Let’s do the renovations and give supports.– Craig Reid, disability advocate
In an emailed statement to CBC, the Department of Immigration, Skills and Labour said that it “can make loan payments, within maximum shelter benefit amounts, to Newfoundland and Labrador Housing Corporation (NLHC) on behalf of a person receiving income support if that client is eligible to receive a loan for home repairs through the NLHC provincial home repair program.”
Magee said she’d like to see a commitment to lend her money to do the necessary work along with a plan for the Department of Immigration, Skills and Labour to repay the loan over time, in keeping with shelter benefits available to income support recipients.

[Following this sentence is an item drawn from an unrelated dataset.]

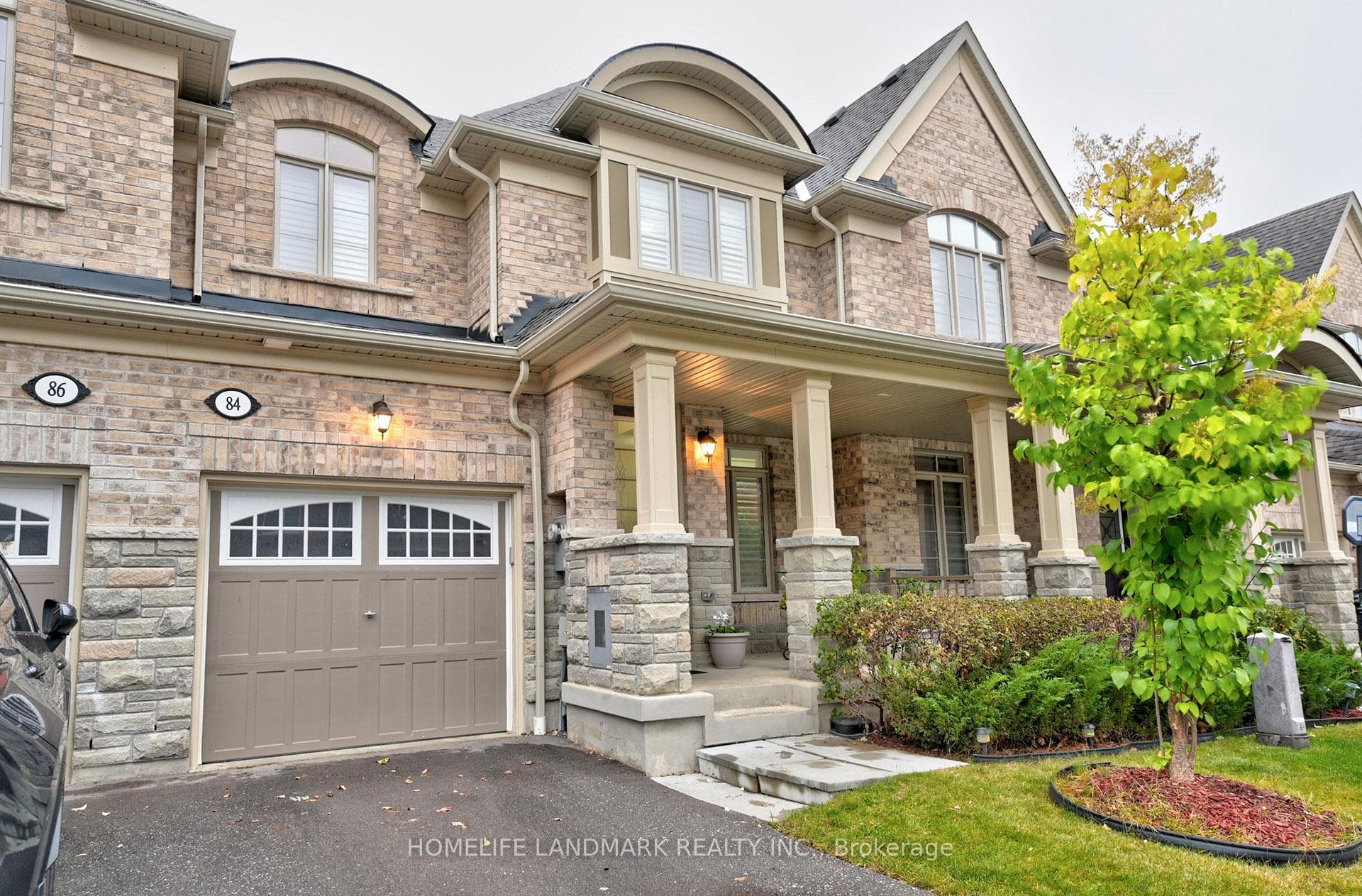 84 Workmen's Circle photo 1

Craig Reid, a prominent advocate for people with disabilities in N.L., said Magee’s story of disability, poverty and housing challenges is all too familiar, although he has no first-hand knowledge of her circumstances.
He said it’s the kind of situation about which he hears quite frequently, and Reid believes it’s only going to get worse in Newfoundland and Labrador as the province’s population continues to increase in age.
“It’s going to be happening more and more as people get older and are going to find out their environments are not going to work for them,” said Reid.
“There’s only so many long-term care homes we could build. There’s only so many personal-care homes we can build.”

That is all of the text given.